Why Rolling Stone gets it wrong: The first appearance P-Funk should be higher than 177.
Best song: "Who Says a Funk Band Can't Play Rock?" and the title track are great songs.
Worst song: The scatalogical "Promentalshitbackwashpsychosis Enema Squad (The Doo-Doo Chasers)" is kind of gross and really goes nowhere.
Is it awesome?: It's pretty great. "Maggot Brain" is probably better.
The various George Clinton outfits are pretty important, in the grand scheme of things and should be higher than 177. That's pretty much a given.

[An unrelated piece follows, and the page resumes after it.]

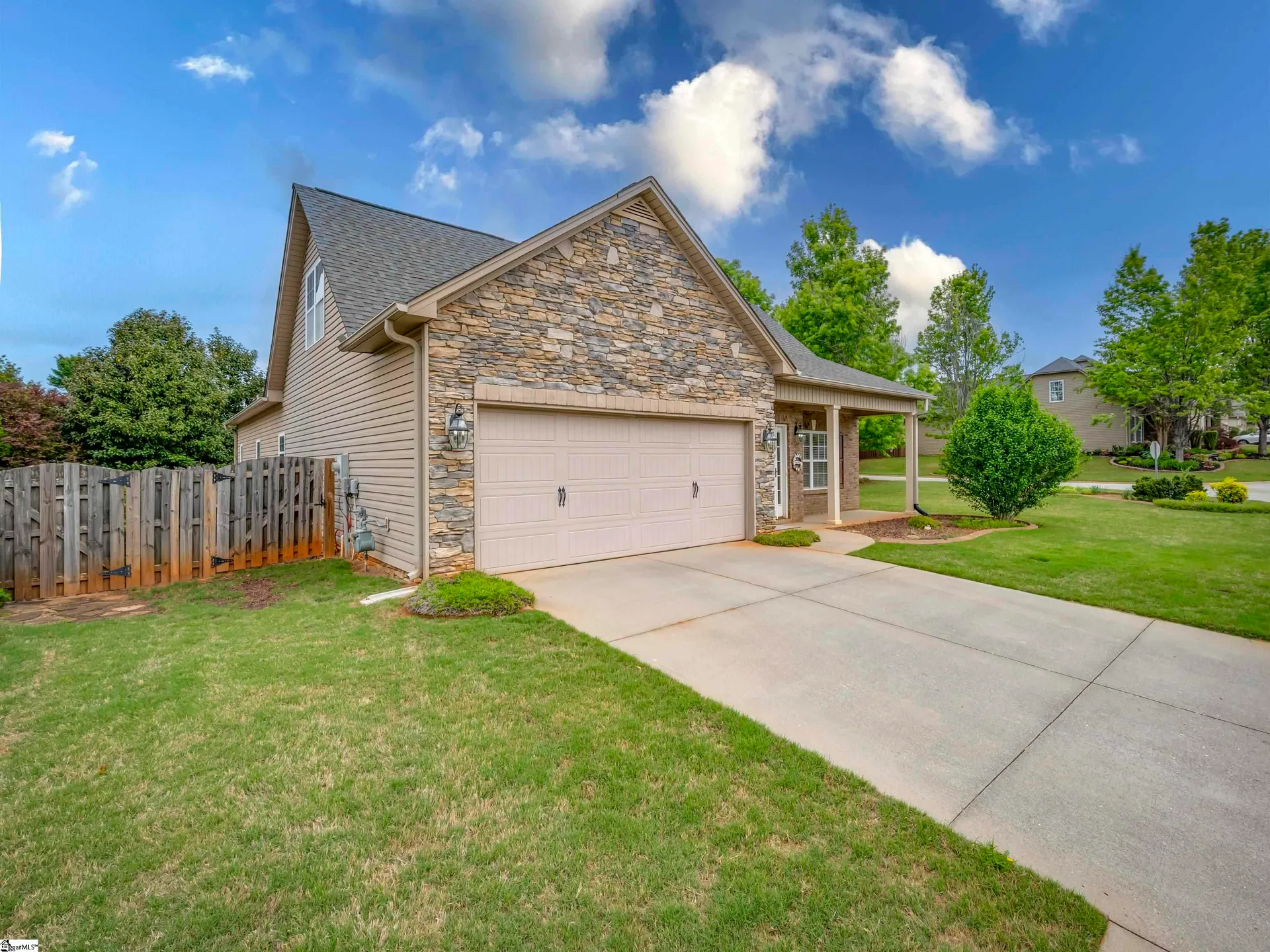 Property image 2 at 100 Champions Point, Greenville, SC 29609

Is "One Nation Under A Groove?" the pinnacle of that stuff? I'd say no, considering Parliament's "Chocolate City," "Up For The Down Stroke" and especially "Mothership Connection," not to mention Funkadelic's "Maggot Brain." Still, it's a wonderful record with only one issue (the grossness of "Promentalshitbackwashpsychosis Enema Squad (The Doo-Doo Chasers)").
The concept of the beginning of the album -- that Funkadelic is going to make a new country where everyone dances is probably the inspiration for the fantastic Onion story. As the record goes on, it wears a little, but still, it's a fine album.
What's striking about the record is the layering of sounds. In addition to the standard guitar/bass/drums combination, Funkadelic uses a sharp Moog to give the record its spacey sound, as well as slight horns and what appear to be found sounds. Whistles hit the 1s and 3s and Clinton croons as his backup singers hit the hooks.
Again, it's not the best of the P-Funk discography; "Mothership Connection" or "Maggot Brain" should probably be higher. Still, it's George Clinton. Did he do anything wrong in the 1970s?